BEGIN Source information

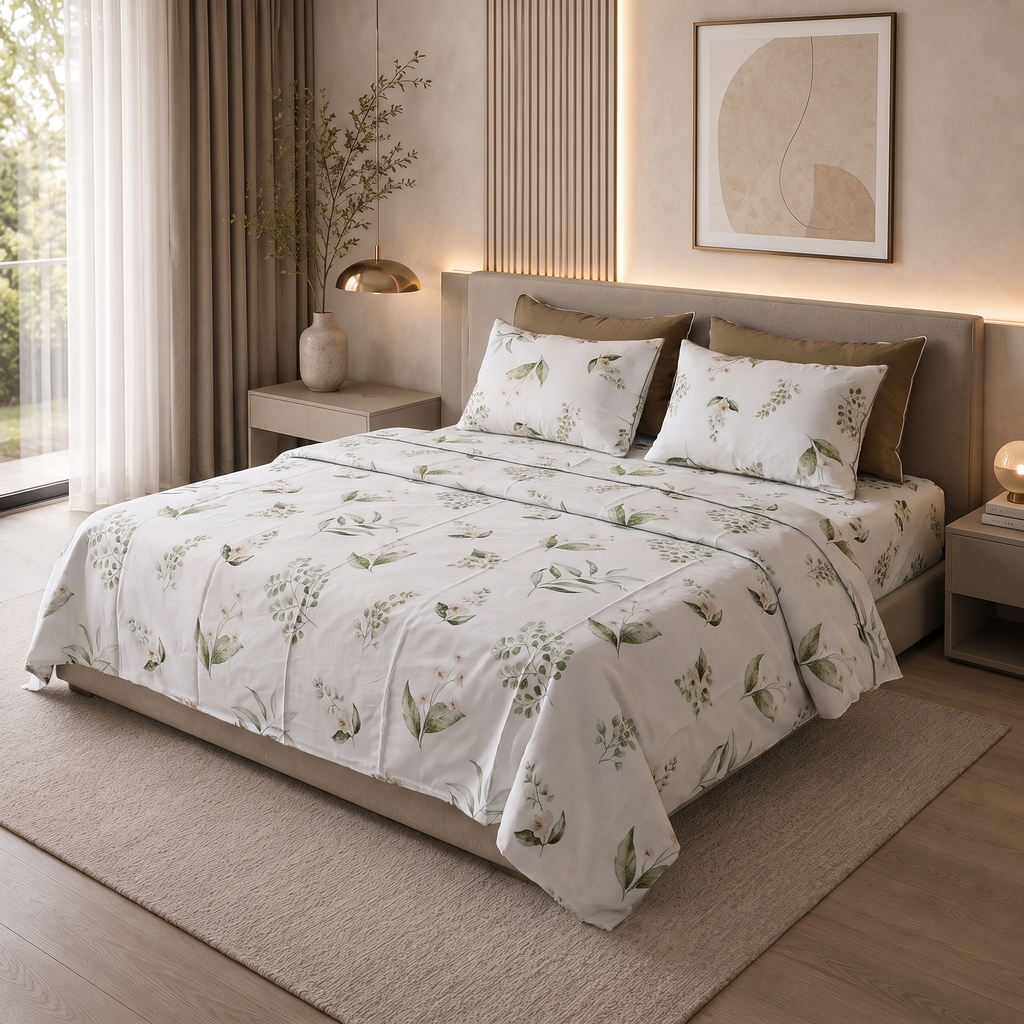 Parure de Lit Satin de Coton 6 Pièces — 240x260 Modèle 6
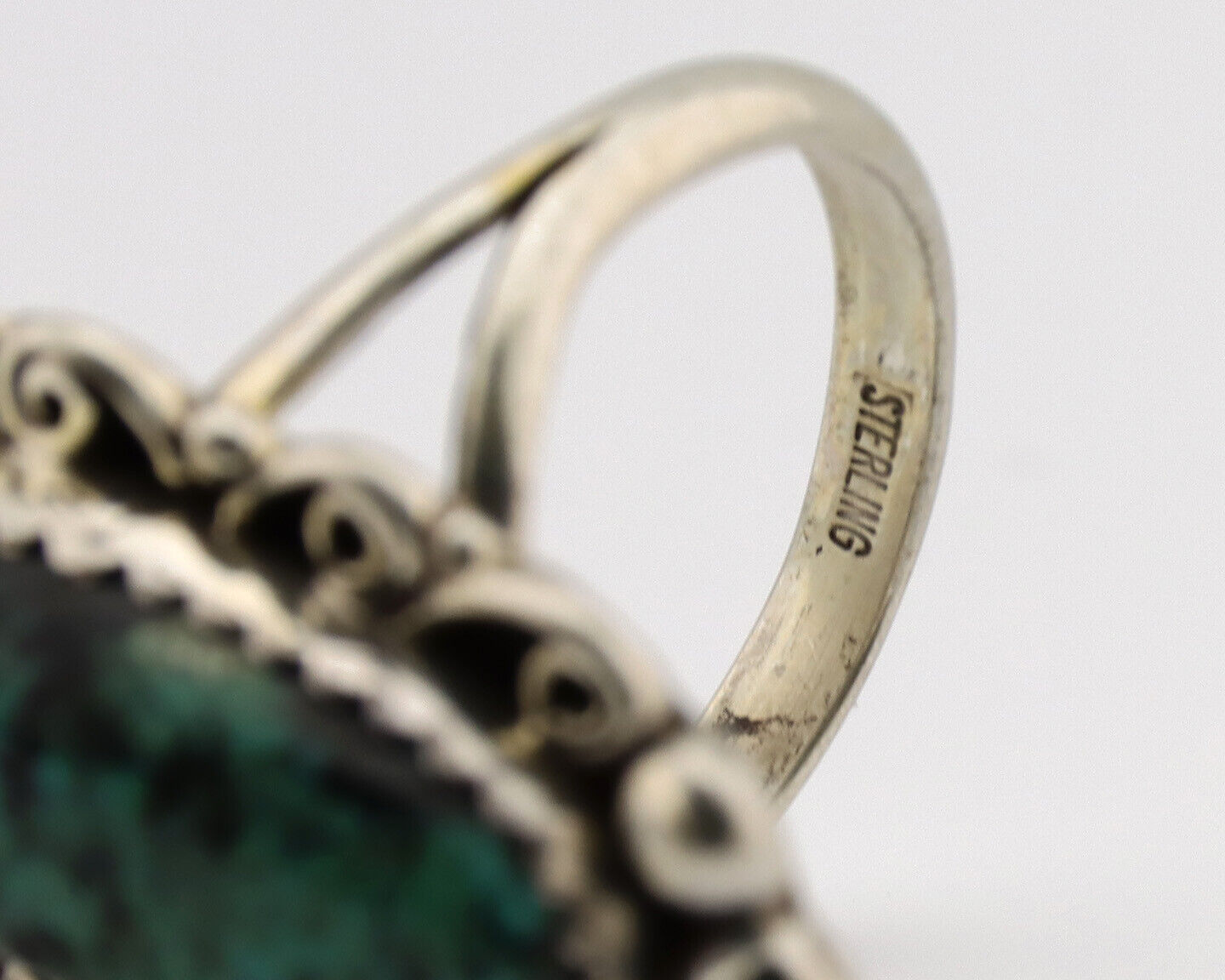 Navajo Ring .925 Silver Spiderweb Turquoise Artist Signed TALHAT C.80's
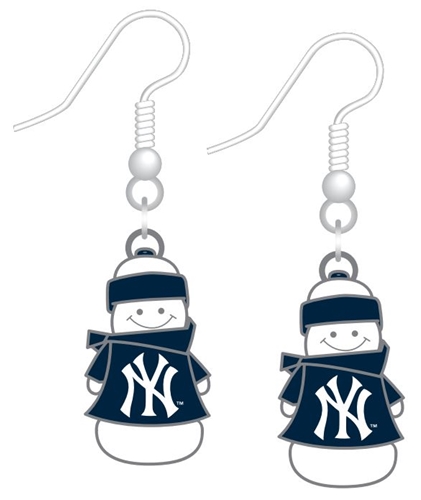 New York YANKEES Snowman MLB Silver Dangle Earrings *SALE*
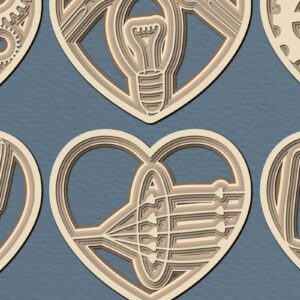 Intra απο ξύλο plywood 3mm-4mm πάχος 3D Heart with Engineering Element Δίασταση 15x15 cm INTRAFABR-35552144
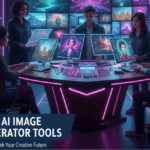 A diverse team of creative professionals using high-tech monitors to generate AI art in a neon-lit futuristic studio.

END Source information

● Assigned task: Produce an exact copy of only those lines that run from the line with "Navajo Ring .925" to the final line of the records, including both; exclude images.

● Written response:
 Navajo Ring .925 Silver Spiderweb Turquoise Artist Signed TALHAT C.80's
 New York YANKEES Snowman MLB Silver Dangle Earrings *SALE*
 Intra απο ξύλο plywood 3mm-4mm πάχος 3D Heart with Engineering Element Δίασταση 15x15 cm INTRAFABR-35552144
 A diverse team of creative professionals using high-tech monitors to generate AI art in a neon-lit futuristic studio.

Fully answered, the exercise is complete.